Gallica is the digital library of the Bibliothèque nationale de France (BnF, French national Library) and its partners. Since 1997, it provides free and open access to several million of digitized items (books, newspapers, images, etc.) from all periods and on all media. Its collection is still growing steadily by the cooperation of hundreds of cultural institutions and the BnF.

New media and technologies were supposed to take a large part in this “library of a new kind” aimed by the President François Mitterrand in 1988.  The outlines of a virtual library project, accessible from the Library's reading rooms, was then laid out:  users through computerized reading workstations would have access to a selection of copyrighted and royalty-free materials.

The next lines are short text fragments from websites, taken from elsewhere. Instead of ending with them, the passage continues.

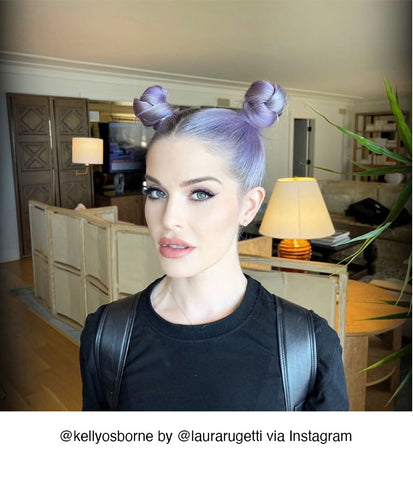 Kelly osborne laura rugetti instagram space buns purple hair hidden crown extensions Y2K hair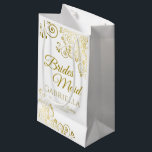 Bridesmaid Wedding Gift Bag Small<br><div class="desc">This beautiful gift bag is designed as a wedding gift or favour bag for bridesmaids. Designed to coordinate with our Gold Foil Elegant Wedding Suite, it features a gold faux foil flourish border with the text "Bridesmaid" as well as a place to enter her name, the couple's name, and the...</div>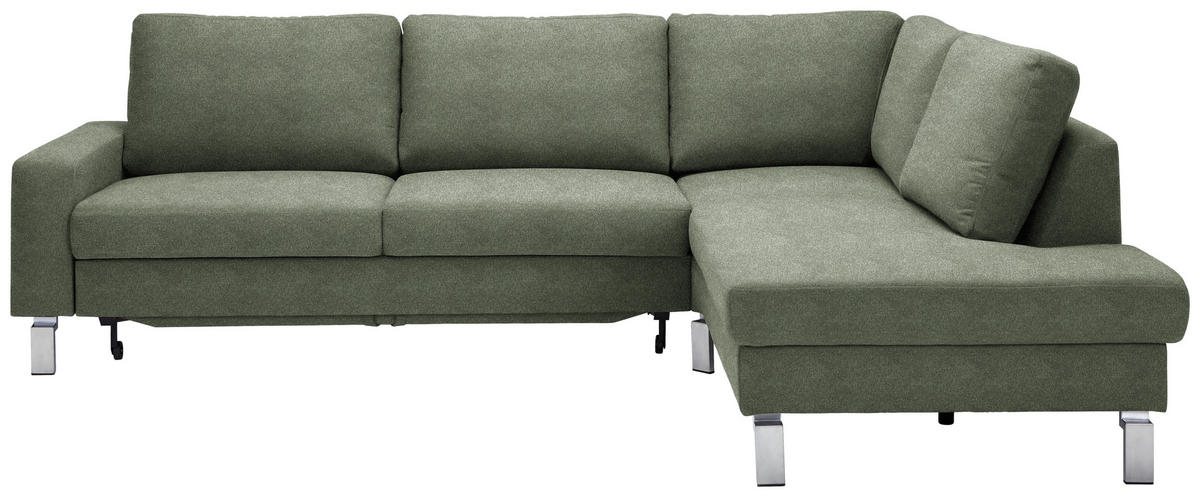 ECKSOFA in Flachgewebe Olivgrün  - Chromfarben/Olivgrün, Design, Textil/Metall (276/200cm) - Hom`in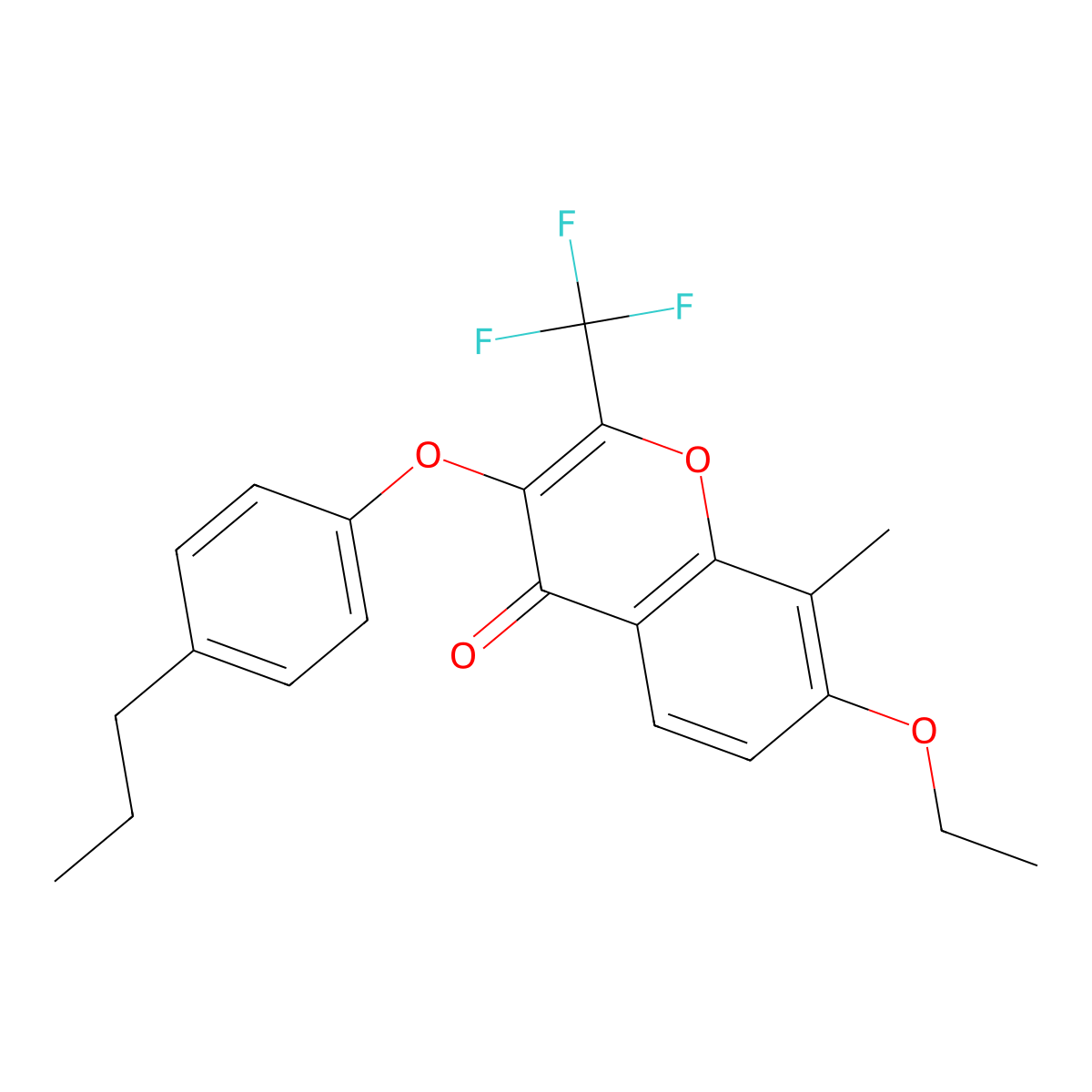 7-ethoxy-8-methyl-3-(4-propylphenoxy)-2-(trifluoromethyl)-4H-chromen-4-one molecular structure, CAS 315233-18-2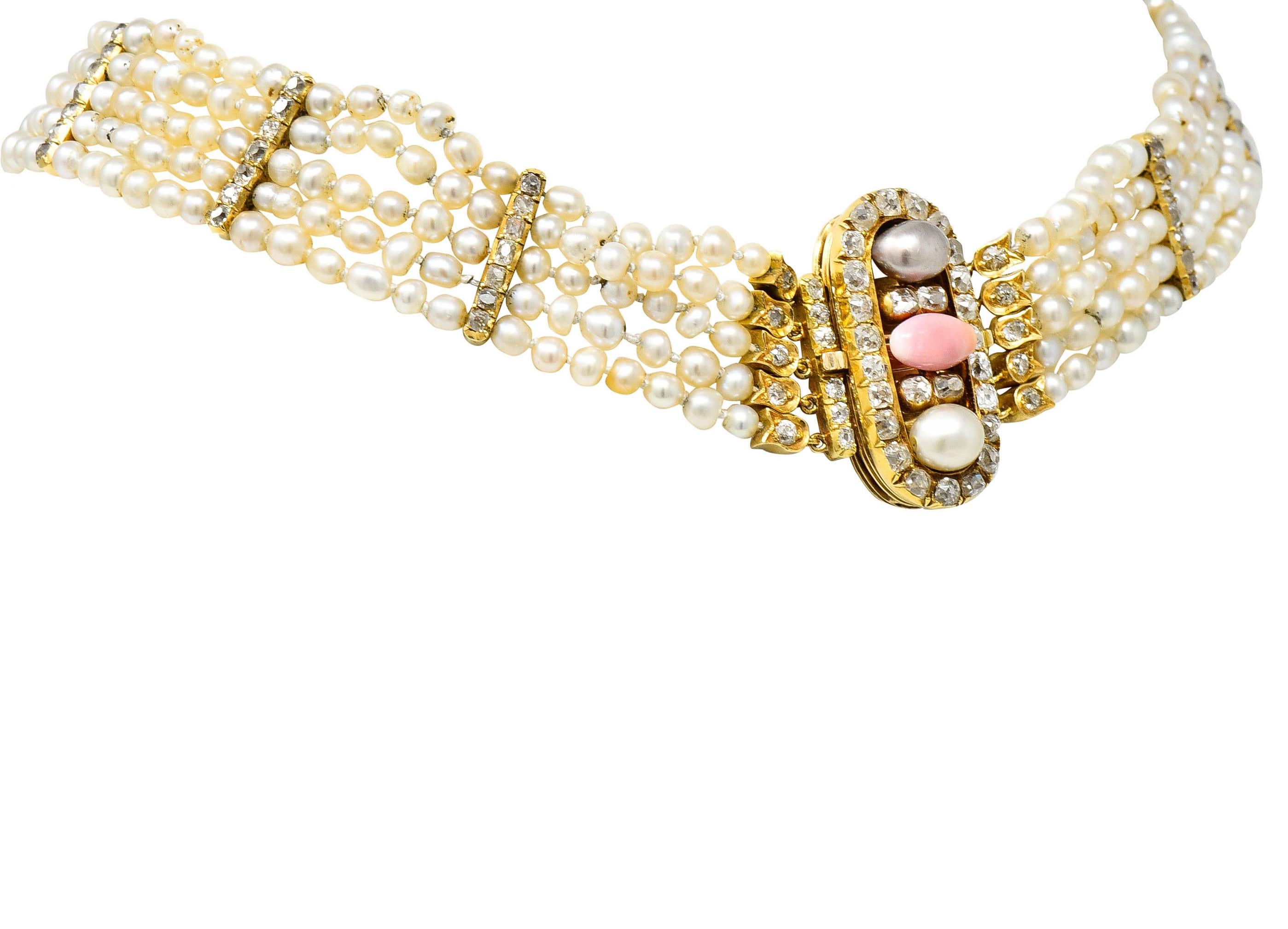 Rose Cut Victorian Diamond Natural Pink Conch Saltwater Pearl 18 Karat Gold Necklace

These items would become the “virtual library of the honest man”. At the opening of the new building, in 1995, a total of 100 000 documents and 300 000 images were available.

In the 90’s, the Web's parallel emergence, its fast rise and rapid democratization were a game changer for the project: the BnF digital library would have a free and open access online. Gallica was launched in late 1997, with a few thousand texts available in image-mode only.
In 2000 a new version of Gallica is launched offering an access to both images and documents in text-mode. In order to ease the research process, different topics are created, offering a structured access to the digital collections.

In 2004, the first collection management policy is issued to set guidelines for the collection development. The collection included at the time about 100 000 printed items, 80 000 images and 30 hours of recorded sounds and music. The thematic scope of the collection was then History, French Literature and Sciences & technologies. The items were mostly in French and featured books, journals, newspapers, scores, prints, maps, photographs, sound recordings) from Antiquity to the first half of the 20th century, but most of them issued in the 19th century.

In January 2005, Jean-Noël Jeanneney (then President of the BnF) launched the project for a European digital library to counterbalance Google Books. It is new era for Gallica, the sharp increase of digitization explains this massive change of scale. Since 2006, several separate digitization procurement contracts are launched and permalinks are also introduced to provide permanent and stable access to each item. Between 2013 and 2023, Gallica grows from 3 to 10 million items.

A collective library

Since 2009, the French national Library (BnF) has been conducting an active policy of cooperation with public libraries all over the French territory. The aim of this policy is to promote the printed, written and graphic heritage preserved in French libraries.

The BnF supports the digitization of the cultural heritage collections of French libraries to enriching online collection in a rational way, and according to a policy of documentary completeness with digitized heritage resources from the digital national collections. These digital collections are made available free of charge on Gallica’s website and on any other digital library interoperable with Gallica.

In 2024, Gallica’s partner network includes almost 300 partners of all types:
- local partners (local libraries and archives, regional cooperation structures, learned societies) ;
- higher education and research partners ;
- other partners (mainly libraries or specialized associations, with a variety of statuses and a wide range of supervisory bodies).

Gallica marque blanche ("White Label")

Some of Gallica’s partners are white labels. “Gallica white label” is a cooperative scheme aimed at institutions that have digitized or wish to digitize part of their collections, but do not have their own digital library or wish to renew theirs.

Each project covers the creation of a digital library based on the Gallica infrastructure, but configured and customized according the partner's design.
In 2024, there are 18 Gallica white-label libraries:

Gallica Intra muros

Gallica intra muros is the enhanced version of Gallica, with a restricted access from the reading rooms of the BnF sites. In addition to Gallica's free resources, around 2 million items of copyright-protected content digitized by the BnF and its partners are available. Those items are labeled in the list of results “sous droits” (under copyright).

Conditions of use and reproduction

Most of the content available on Gallica consists of digital reproductions of works in the public domain from the BnF collections.
Non-commercial re-use of digitized documents is free of charge, provided that the source of documents is acknowledged as “Source gallica.bnf.fr / Bibliothèque nationale de France”.
Commercial re-use of digitized documents is subject to a license fee.

Commercial and non-commercial use of documents from partner libraries is managed by each partner.